Les marais, lieu lugubre ou peu de personnes s'aventuraient. La joie de ne pas savoir ou marcher, la peur de s'embourber et de ne jamais pouvoir en sortir, là était une raison plaisante pour ce faire discrète. A vrai dire, je ne savais pas pourquoi, mais quelque chose me disait que je devais me trouver ici. L'odeur était assez désagréable, comme si la putréfaction avait envahi les lieux. Le paysage, lui, était tout aussi affreux. J'avais beau avoir de l'âge, jamais de mémoire je ne m'étais rendue ici. Je m'arrangeais toujours pour contourner le plus gros de ces marais putrides. De plus, cet endroit n'avait rien de la classe qui était la mienne. J'avais l'impression de me retrouver dans certains villages ou certaines habitations perdus au milieu de nul part que j'avais pu voir dans un passé lointain.
Une brume avait même commencé à s'élever recouvrant les peu de chemins existants ce qui rendait la traversée encore plus compliquée. C'est intérieurement que je rigolais, pensant à un voyageur qui pourrait me voir déambuler dans cette purée de pois. A coup sûr, il pourrait penser que j'étais un fantôme et il n'aurait pas tout à fait tort. Une vieille âme qui parcourt le monde au fil des siècles, voyant les civilisations se faire et se défaire. Combien de personnes que j'avais rencontrées ne sont plus à ce jour ? Le compte était tout bonnement astronomique.
Perdu dans mes pensées, je n'avais pas remarqué que j'avais quitté ma trajectoire, manquant de tomber dans cette mélasse puante. J'avais vraiment horreur de cet endroit. Néanmoins, je remarquais une ombre qui traversait les bois. Une personne ici ? Qui pouvait donc bien être ce fou ? Surtout dans le noir le plus complet qui plus est. Pas une torche, pas un feu, rien pour s'éclairer. A moins que ce soit un fantôme, cette personne était peut-être perdue.
*Un repas ici ?*
C'était une situation hilarante, jamais je n'aurais pensé pouvoir avoir un repas gratuit dans ce trou perdu. Je m'approchais lentement, à travers les troncs qui semblaient tout aussi vieux que moi. Plus je m'approchais, plus ma proie serait à ma portée, prête à être savourer. Mon seul espoir était qu'il ou elle soit goutu. Quelques mètres me séparaient et je remarquais que c'était un homme. Une apparence un peu sale et puis surtout qui avait une partie des jambes dans ce qui semblait de la vase.
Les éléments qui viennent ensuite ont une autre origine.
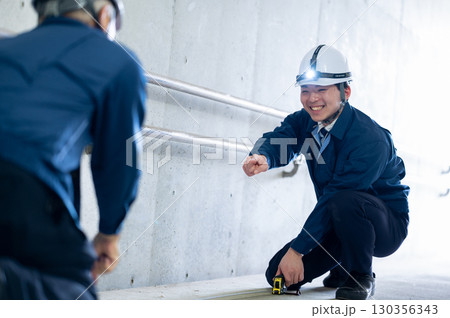 作業中のベテランと若手 130356343
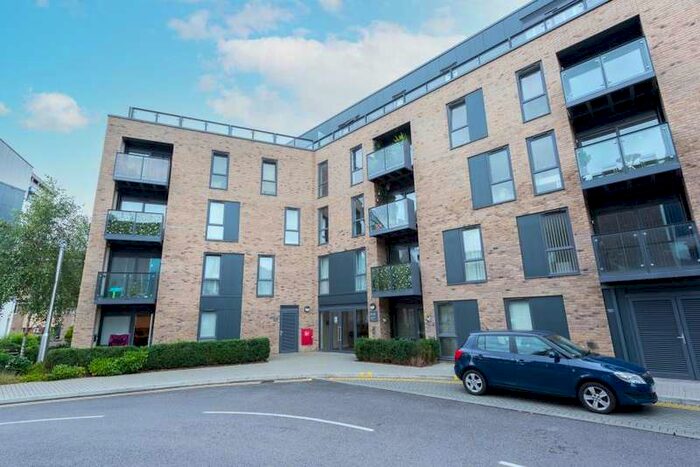 2 Bedroom Apartment To Rent In Addlestone, Surrey, KT15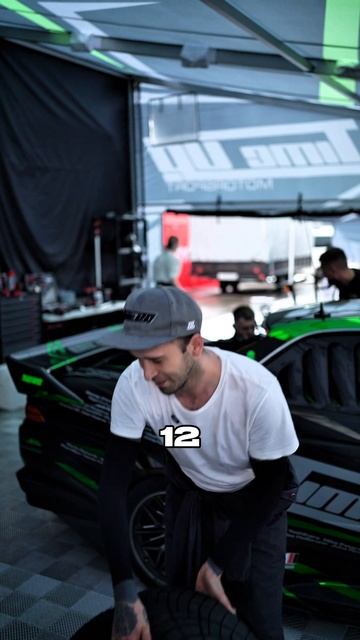 Угадал вес = получил премию 💸 Наши механики в деле! Кто точнее? Смотрите в видео! смотреть онлайн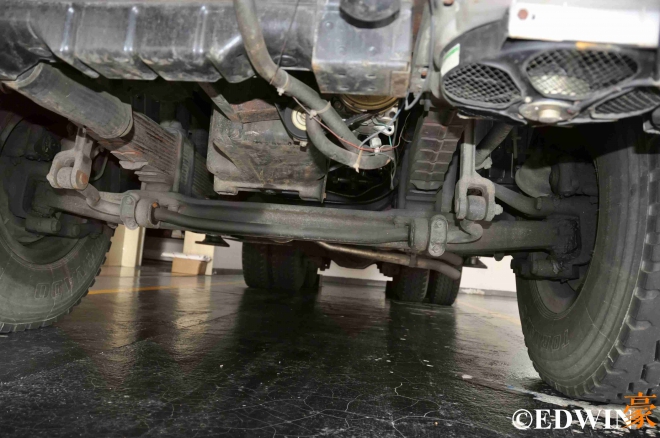 奔驰国产大卡车,奔驰卡车和国产卡车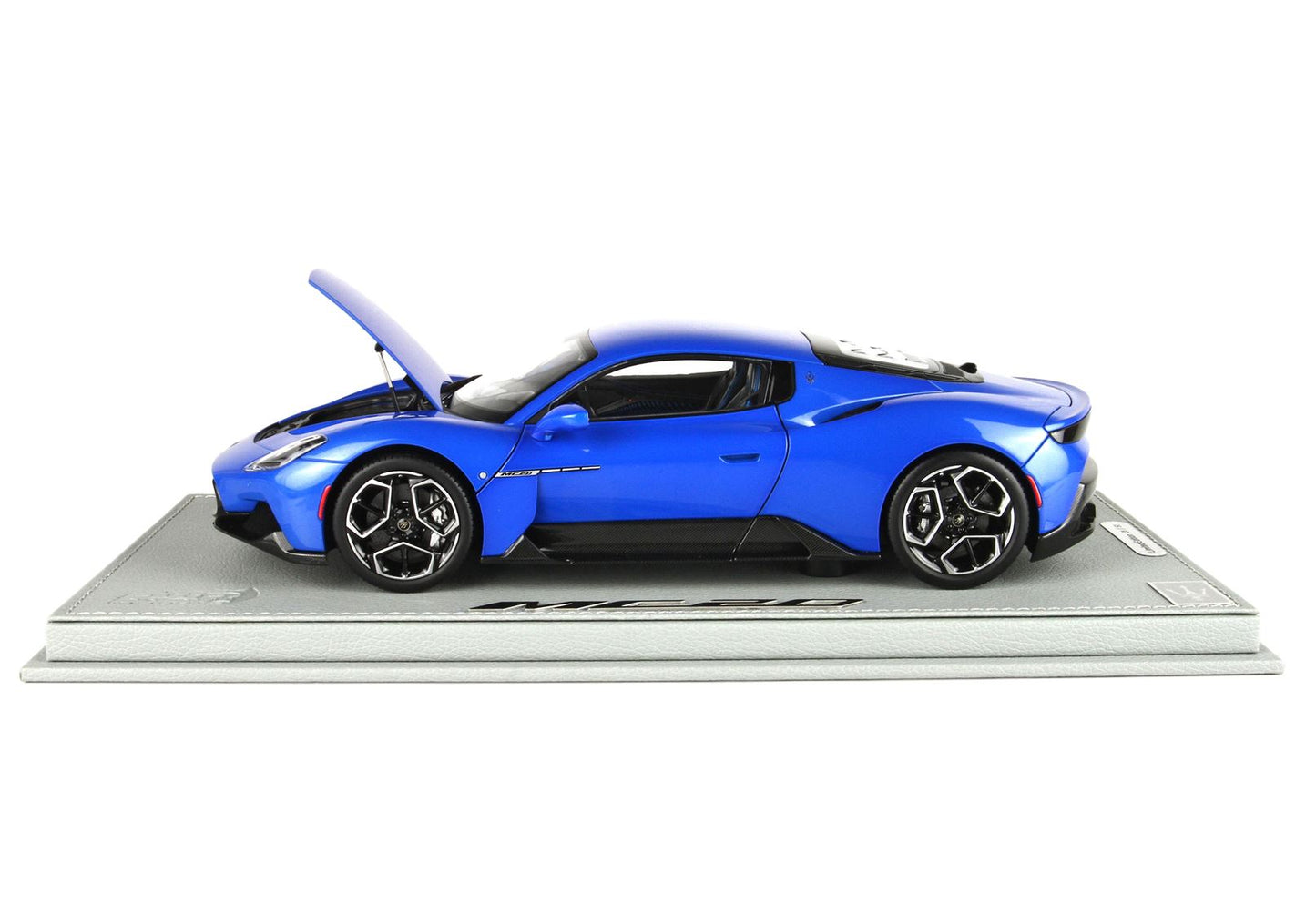 BBR-MODELS - 1/18 - Maserati MC20 Blu Infinito - Confezione con vetrina inclusa nel prezzo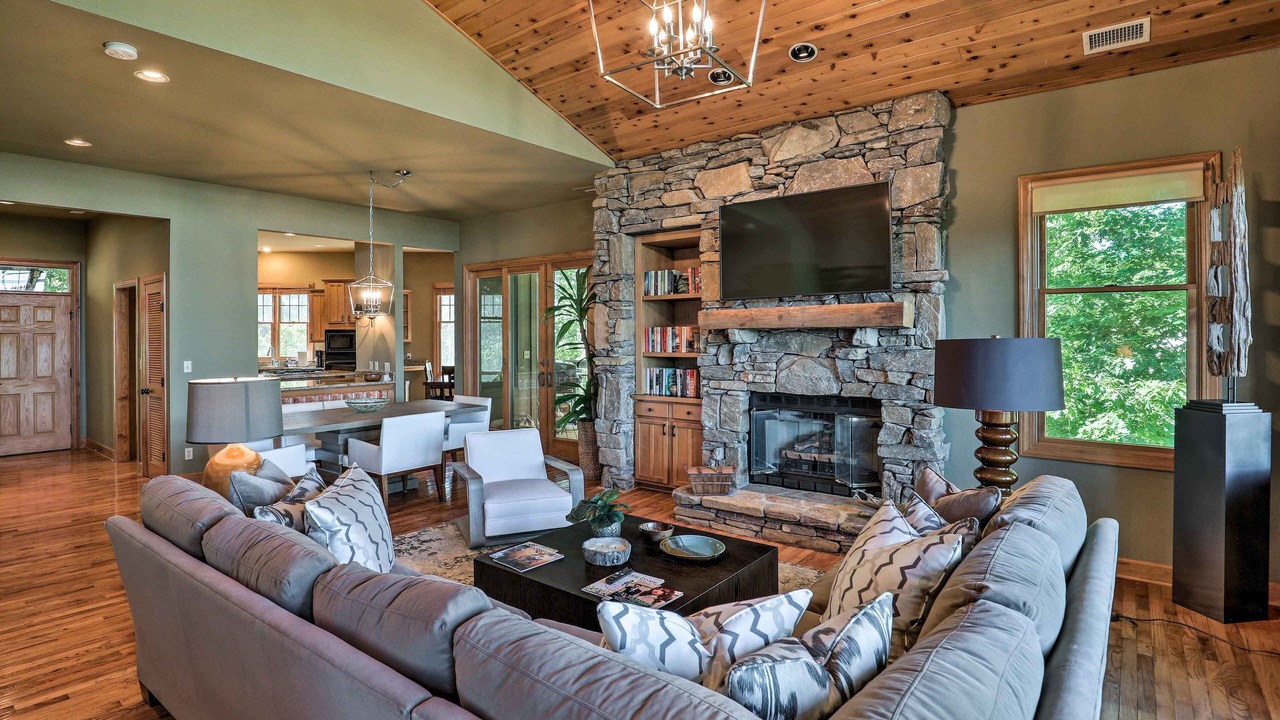 Photo of Livingroom in Mountain Air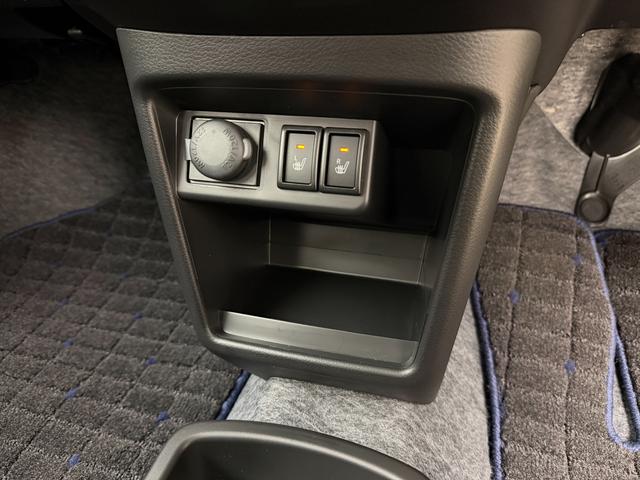 アルト ！初売！Ａ　２型　４ＷＤ　当社パックで快適に！　スチールホイール　ハロゲンヘッドランプ　ＳＲＳエアバック　オートライト　イモビライザー　キーレスエントリー　シートヒーター　衝突被害軽減ブレーキ　後退時ブレーキサポート（26枚目）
« Qui est là ? Qui êtes-vous ? Montrez-vous, je sais que vous êtes là ! »
De l'inquiétude ? De la peur ? ou un peu des deux. Je n'étais pas en mesure d'arriver à le savoir. Chose étonnante, car il m'était possible de le savoir et ça m'aidait grandement pour jouer avec mes cibles. Les rassurés, ou leur faire prendre confiance, pour ensuite les croquer. Ça rendait le sang un peu plus mangeable et la chair plus tendre. Les nerfs, les muscles, j'en avais vraiment horreur. C'était énervant pour planter les dents.
« Oh oui ! Je suis là. Vous avez peur ? Il ne faut pas, voyons. Allons, allons. »
Il avait réussi à s'extirper de sa prison vaseuse et était droit sur deux jambes. je sortais de l'obscurité, me montrant face à lui.
« Ouh, vous avez une sacré balafre dites moi. C'est pas trop douloureux ? Mirya, enchantée. Comment m'avez -vous remarqué ? »
Je jouais les niaises et c'était bien la première fois que j'employais un faux nom. D'une certaine manière, je ressentais un malaise avec cet homme. Suffisant pour protéger mon identité. C'était un sentiment que je n'aimais pas du tout. J'essayais de me montrer douce et inoffensive. Mon cerveau me dictait la prudence, mon instinct également. Cet instinct qui, jamais, ne m'avait fait défaut.
« Que faites vous ici, en pleine nuit, seul et sans lumière ? Vous aussi, vous vous êtes perdu ? A la base, je cherchais la route du nord pour rejoindre les terres désolées, mais je ne connais pas trop et je me suis perdu. Je ne sors pas souvent, vous voyez ? La faute à mes parents qui m'ont enfermé des lustres. Résultat, j'ai fuie et HOP ! Je suis ici. Ça m'apprendra. »
Mensonges et appel aux sentiments envers la femme en détresse. C'était un piège qui avait déjà fait ses preuves. Je le regardais de mon petit minois, l'air inoffensif pour le tromper et lui faire baisser la garde.